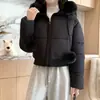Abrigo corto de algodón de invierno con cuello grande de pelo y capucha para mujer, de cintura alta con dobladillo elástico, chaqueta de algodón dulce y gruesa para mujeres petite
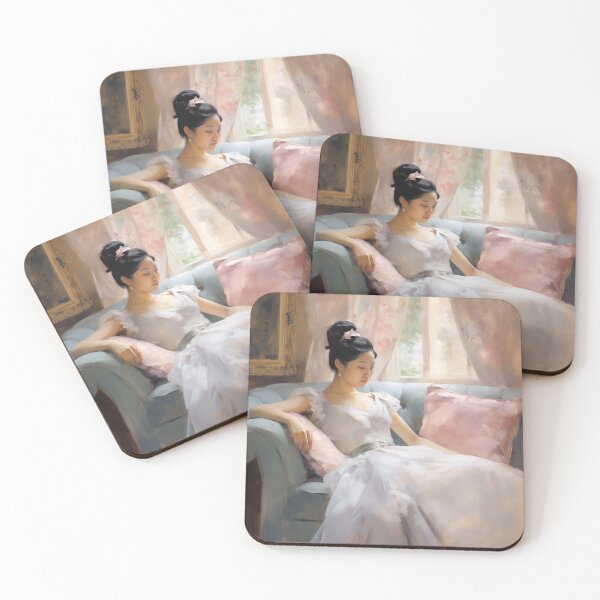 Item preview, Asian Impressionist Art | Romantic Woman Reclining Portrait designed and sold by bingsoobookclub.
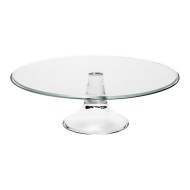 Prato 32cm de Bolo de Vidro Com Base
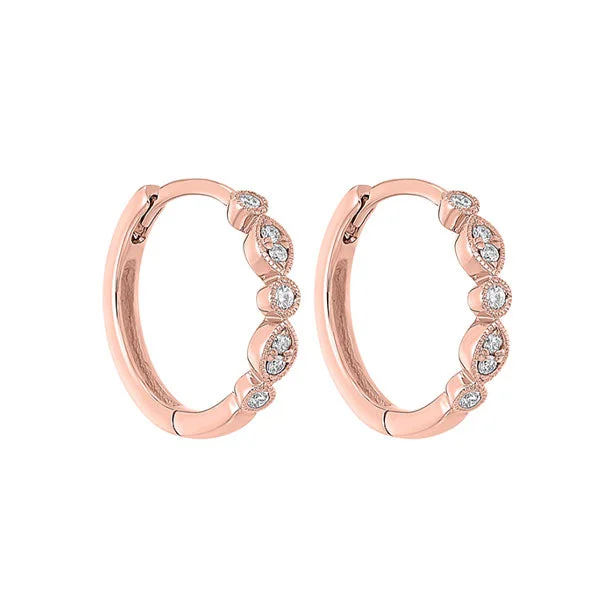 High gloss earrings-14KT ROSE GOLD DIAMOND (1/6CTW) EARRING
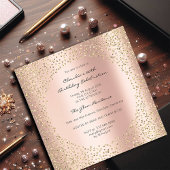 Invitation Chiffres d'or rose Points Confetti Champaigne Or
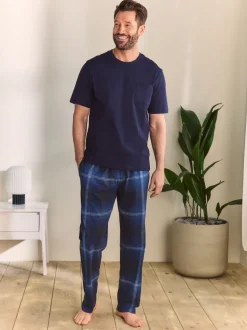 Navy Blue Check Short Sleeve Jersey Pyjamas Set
:::
YOUR INSTRUCTIONS
Restate every record above word for word, without images.

TASK ANSWER
Abrigo corto de algodón de invierno con cuello grande de pelo y capucha para mujer, de cintura alta con dobladillo elástico, chaqueta de algodón dulce y gruesa para mujeres petite
 Item preview, Asian Impressionist Art | Romantic Woman Reclining Portrait designed and sold by bingsoobookclub.
 Prato 32cm de Bolo de Vidro Com Base
 High gloss earrings-14KT ROSE GOLD DIAMOND (1/6CTW) EARRING
 Invitation Chiffres d'or rose Points Confetti Champaigne Or
 Navy Blue Check Short Sleeve Jersey Pyjamas Set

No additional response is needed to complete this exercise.